Data extract: Begin
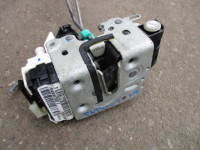 zámek levých zadních dveří - ORIGINÁLNÍ DÍL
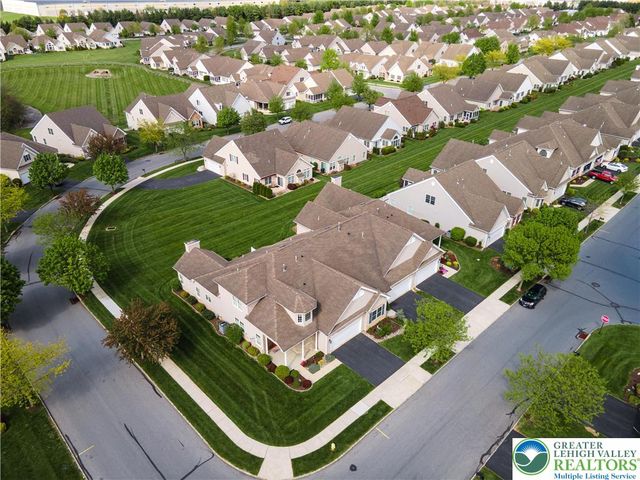 110 Moor Drive, Palmer Twp, PA 18045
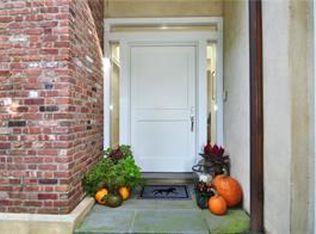 6 W Sunnyside Ln, Irvington, NY 10533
Data extract: End
• Assignment:
The result should be an exact copy of the material, containing no pictures.

• Response below:
 zámek levých zadních dveří - ORIGINÁLNÍ DÍL
 110 Moor Drive, Palmer Twp, PA 18045
 6 W Sunnyside Ln, Irvington, NY 10533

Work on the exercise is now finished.